The export volume index increased notably by 23.5%, while unit value index improved marginally by 0.3% (year-on-year), in June 2022. Thus, the increase in export earnings could be attributed mainly to higher export volumes.
CBSL said a broad based decline in expenditure was observed due to regulatory measures to curb non-urgent imports, dearth in foreign currency liquidity, depreciation of the exchange rate etc., while high fuel expenditure countervailed the decline to a great extent. Import expenditure on a cumulative basis from January to June 2022 was recorded at $ 10,028 million, which is a marginal increase of 0.1% (year-on-year).
Expenditure on the importation of consumer goods in June 2022 declined substantially by 53.8%, compared to June 2021, contributed mainly by a reduction of 46.1% in food and beverages and 59.7% in non-food consumer goods.
The year-on-year decline in import expenditure on food and beverages can be largely attributed to dairy products (mainly, milk powder), oils and fats (mainly, coconut oil), vegetables (mainly, big onions, masoor dhal and garlic), and sugar.
However, expenditure on cereals and milling industry products (mainly, rice) increased substantially, while expenditure on beverages (mainly, alcoholic beverages other than wine and beer) and spices (mainly, chillies) also increased in June 2022, compared to June 2021.
The decline in expenditure on non-food consumer goods was broad-based but the drop in imports of medical and pharmaceuticals (mainly, medicaments), telecommunication devices (mainly, mobile telephones) and home appliances (mainly, televisions) was notable. An increase in expenditure was observed in clothing and accessories.
Expenditure on the importation of intermediate goods declined by 2.8% in June 2022, compared to a year ago, with a decline in import expenditure on most of the categories of industrial and agricultural inputs being offset by a substantial increase in import expenditure on fuel.
Categories of intermediate goods that recorded a large decline include, base metals (primarily, iron and steel); plastics and articles thereof (mainly, plastics in primary form); wheat grain; and chemical products (mainly, carbon and laboratory reagents).
Despite the non-importation of crude oil in the month, expenditure on fuel imports increased by 201.9% (year-on-year) recording at $ 200million, due to the increase in volumes and average import prices of refined petroleum products imported, compared to June 2021.
Further, import expenditure on diamonds and precious stones and metals (primarily, industrial diamonds) also recorded an increase during June 2022, compared to June 2021.

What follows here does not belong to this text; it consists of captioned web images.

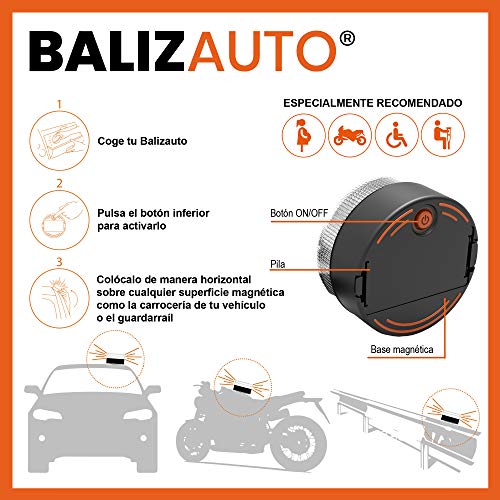 BALIZAUTO PK2834 luz Emergencia AUTÓNOMA, señal v16 preseñalización Peligro, DGT, Base imantada, Hecho en España, y Regalo Chaleco Reflectante HOMOLOGADO, Negro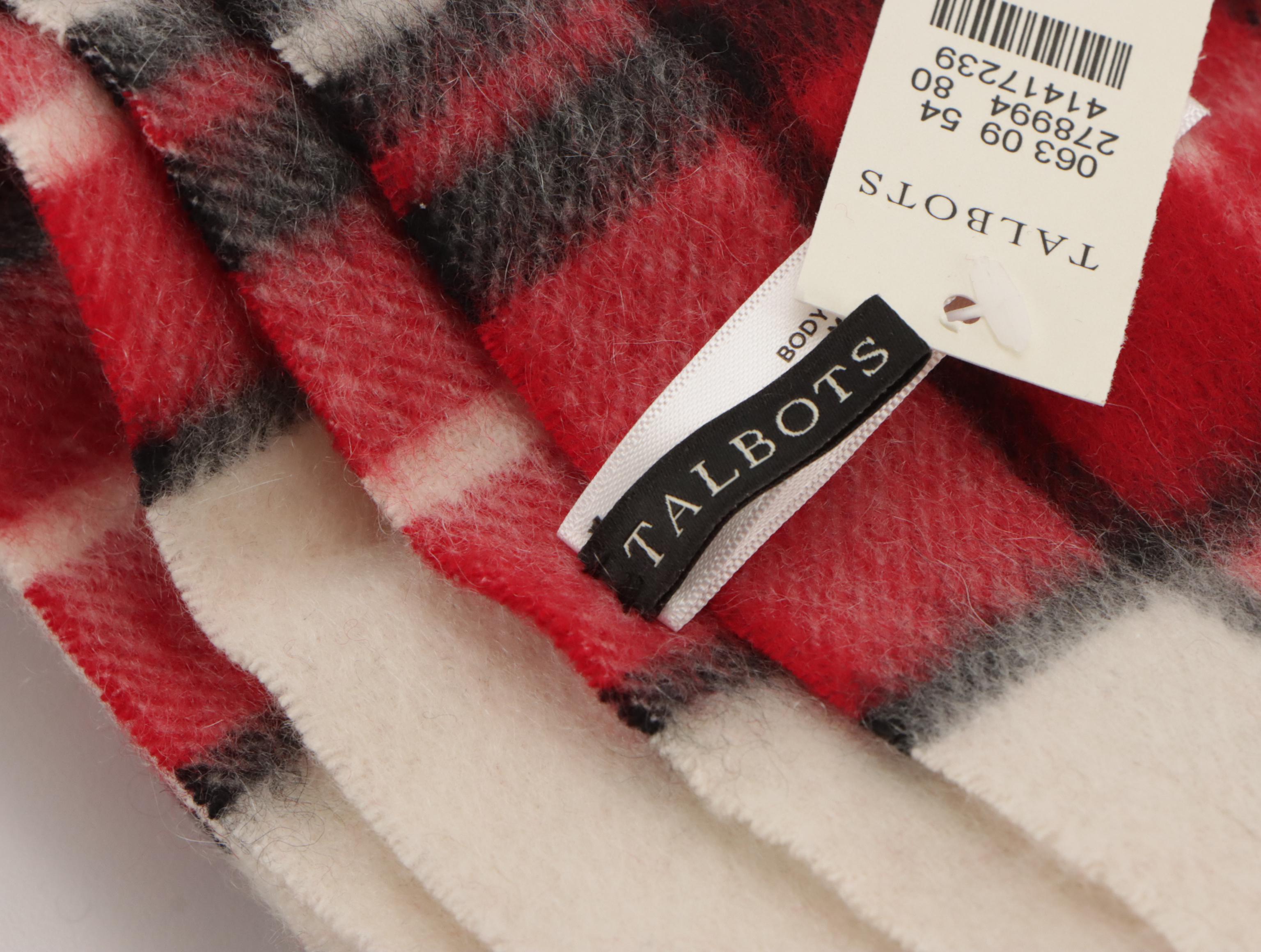 Talbots Red Plaid Cashmere Fringe Scarf and Silk Wreath Print Scarf, More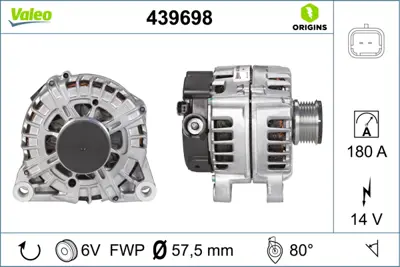 VALEO 439698 Alternator 12v 180a C4 C5 Scudo P407 Tepee (439620) 5705JF 5705NG 9661544880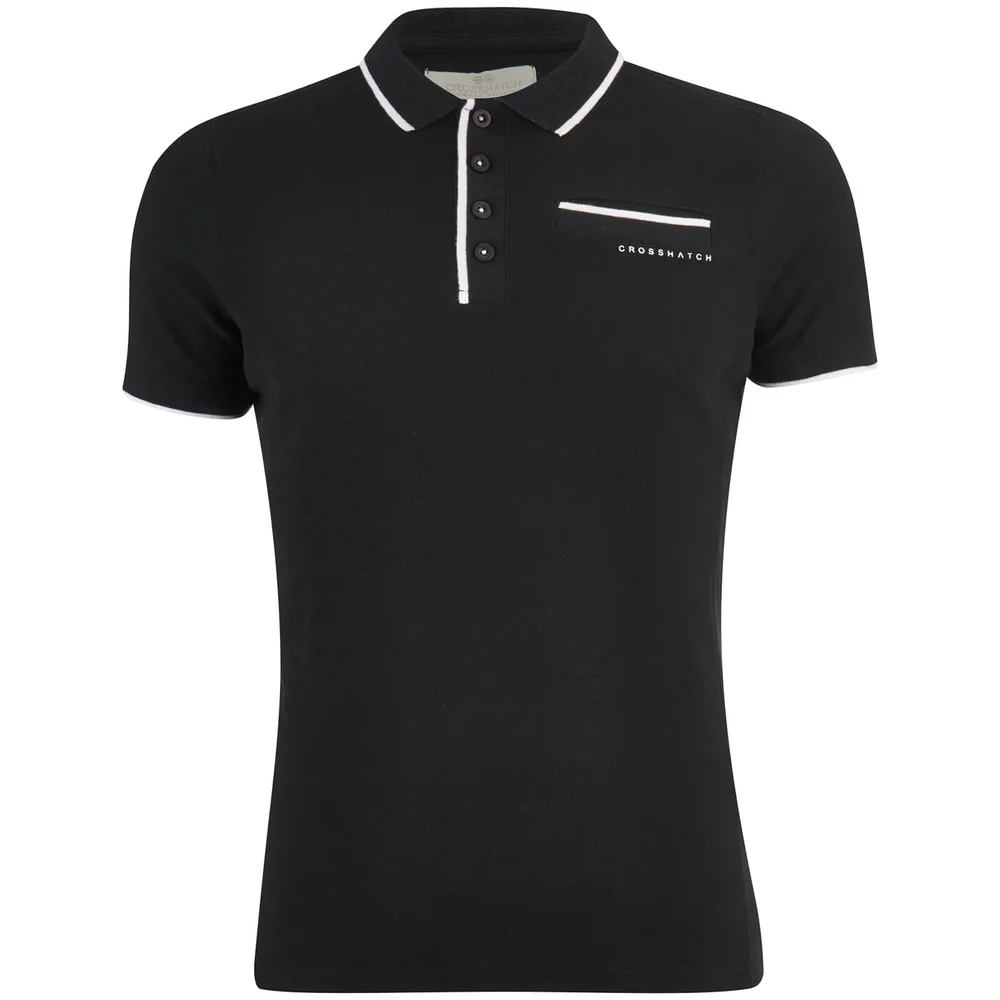 Crosshatch Men's Pinback Arm Logo Polo Shirt - Black - S - Zwart Afbeelding 1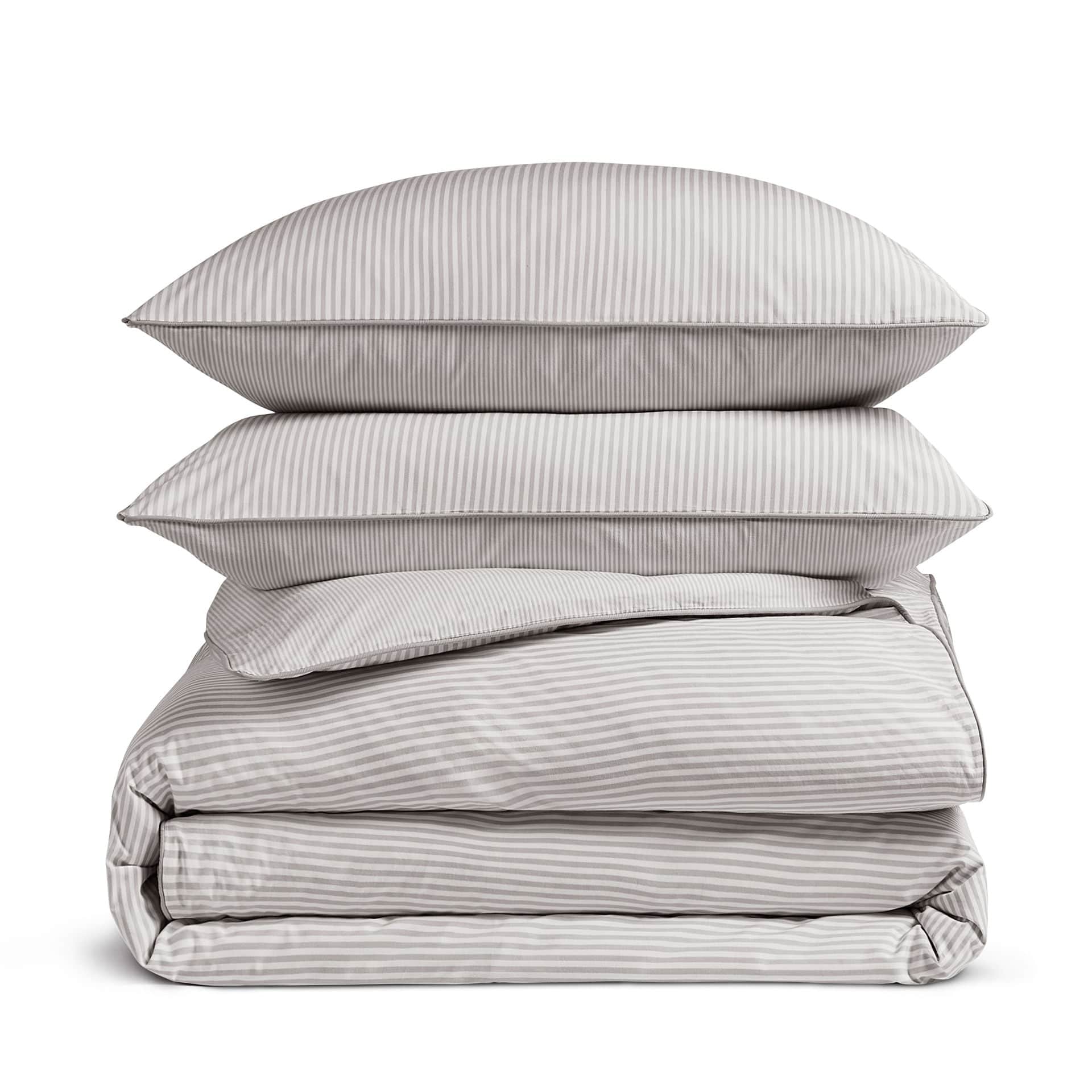 Luxury Organic Cotton Grey Striped Bedding Set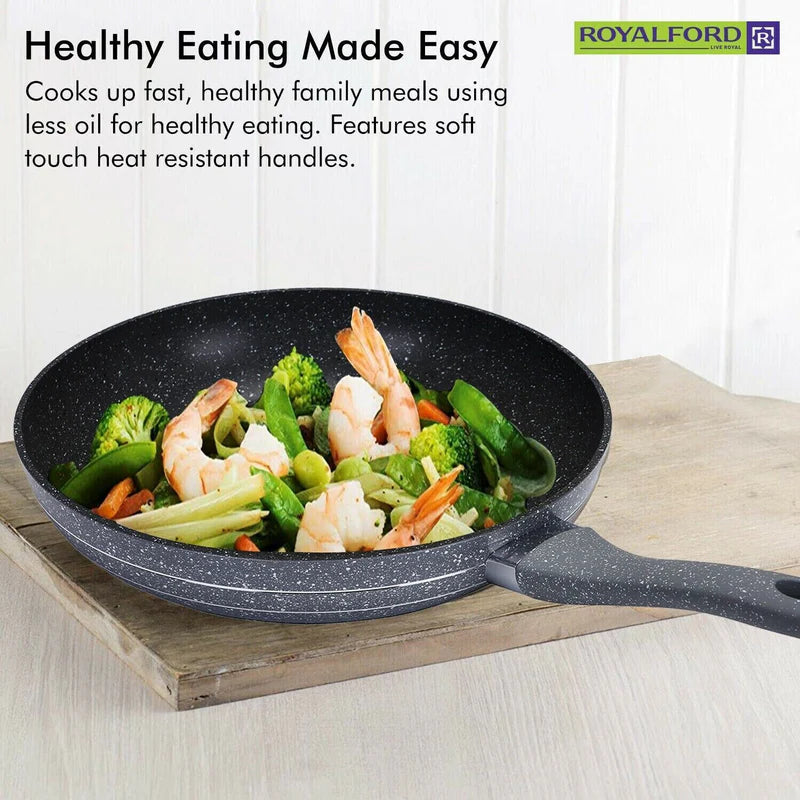Royalford RF9464 Smart Frypan | Durable Marble Coating | 3.8mm Induction Bottom | Forged Aluminium Body & Soft-Touch Handle | PFOA & PTFE Free | Multi Cooktop Compatible
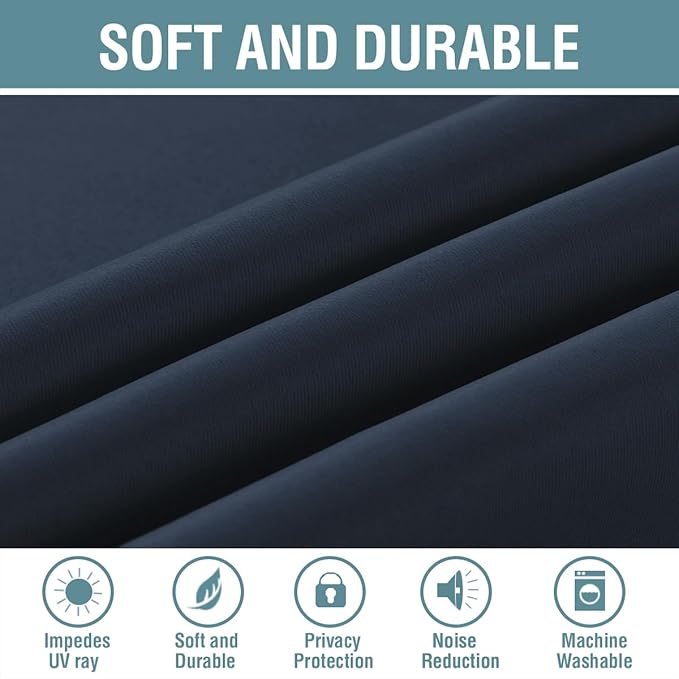 H.VERSAILTEX Ultra Thick and Soft Curtains Blackout for Bedroom Window Treatment Boys Girls Kids Bedroom Curtains Thermal Insulated Grommet Curtain Panels for Living Room - 52'W by 84'L, Navy, 1 Panel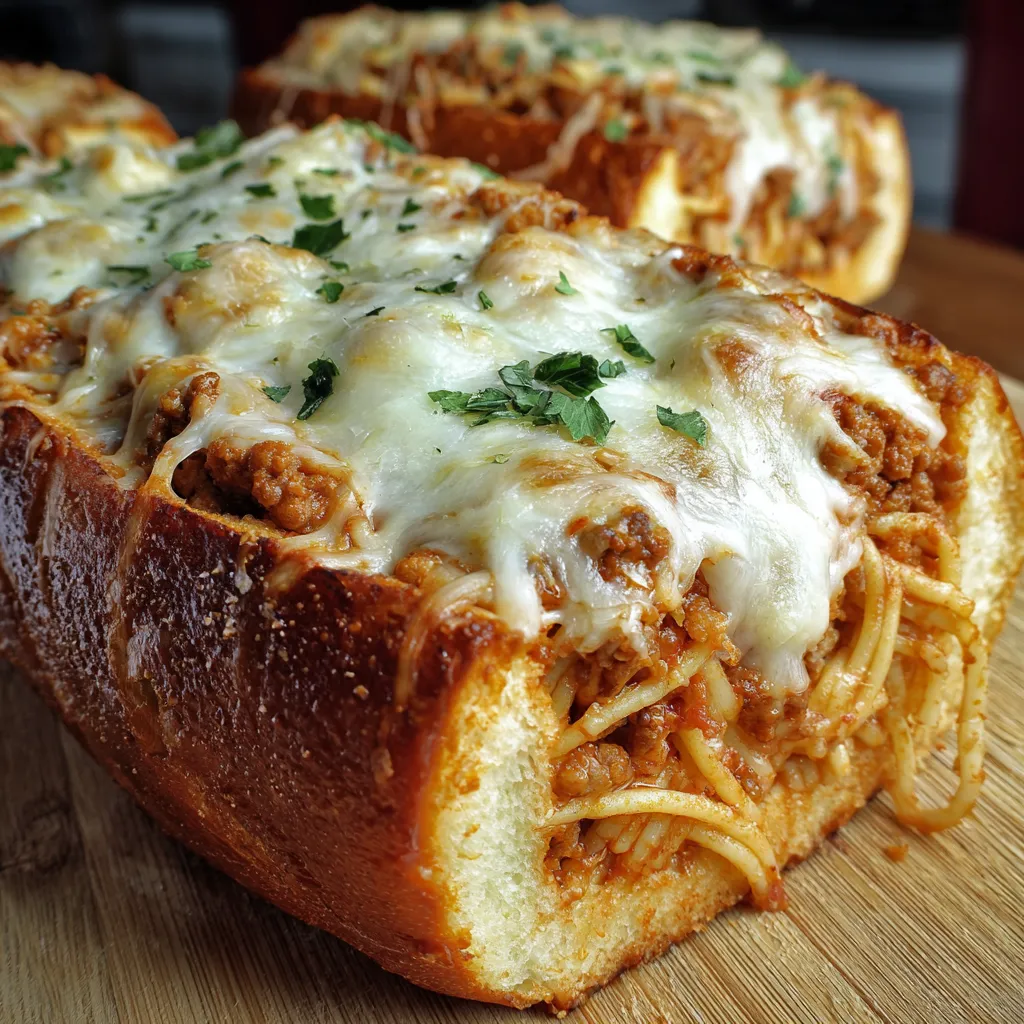 Garlic Bread Stuffed with Spaghetti
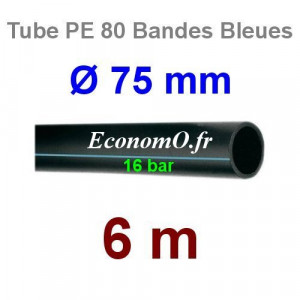 Tube PE 80 Bande Bleue Ø 75 mm PN16 - 6 mètres Ø int. 58,2 mm SDR 9 - EconomO.fr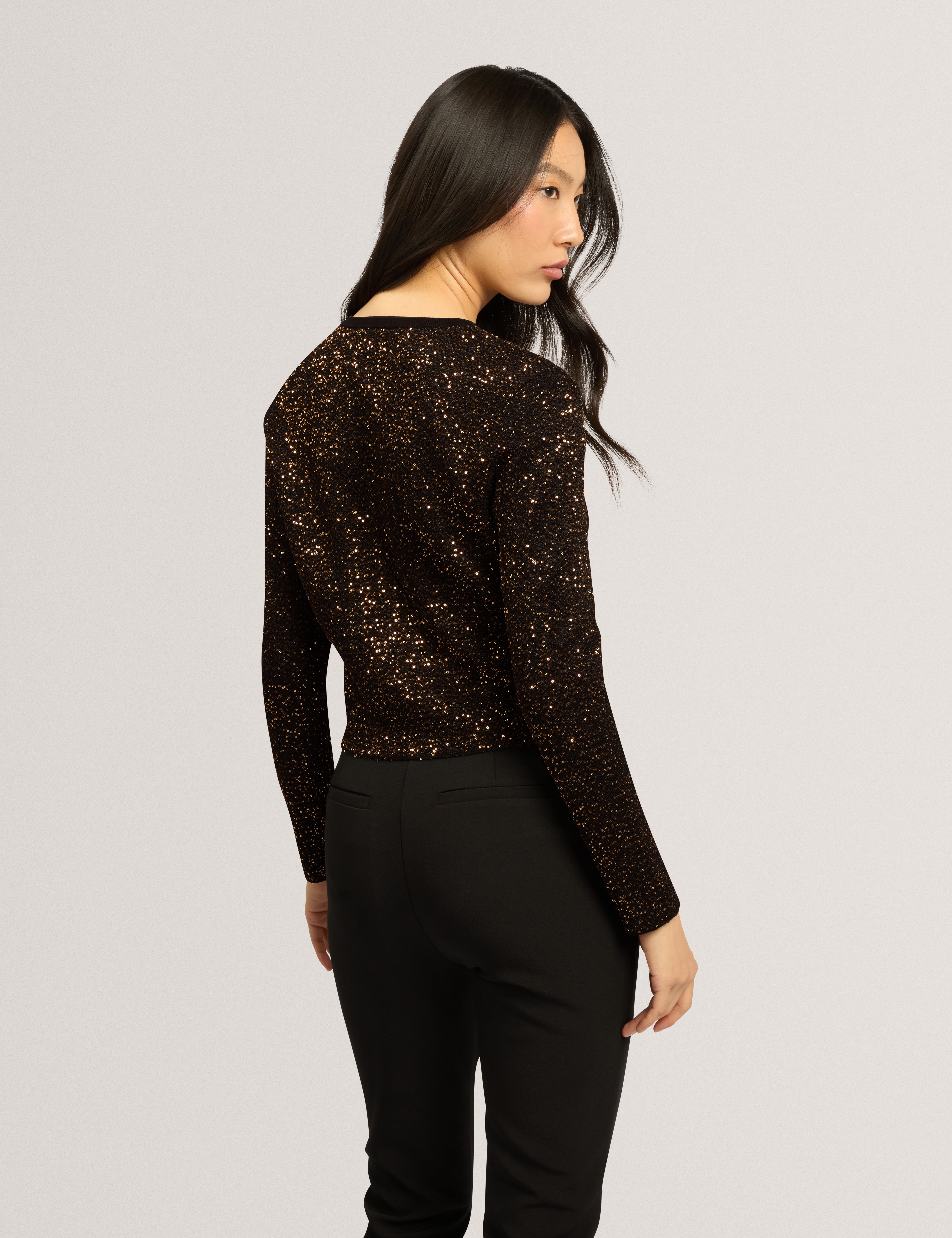 Nyrie Sequin Cardigan Black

Import expenditure on investment goods declined by 46.3% in June 2022, compared to June 2021 resulting from a decline in all subcategories.
Almost all types of goods listed under all three main investment goods categories, namely, machinery and equipment, building material and transport equipment, recorded a decline. Some increases in import expenditure were observed in relation to parts of aircraft and electronic equipment.
The import volume index declined by 30.3% (year-on-year), while the import unit value index increased by 6.1%, in June 2022, implying that the decline in import expenditure in June 2022 was mainly driven by the volume effect.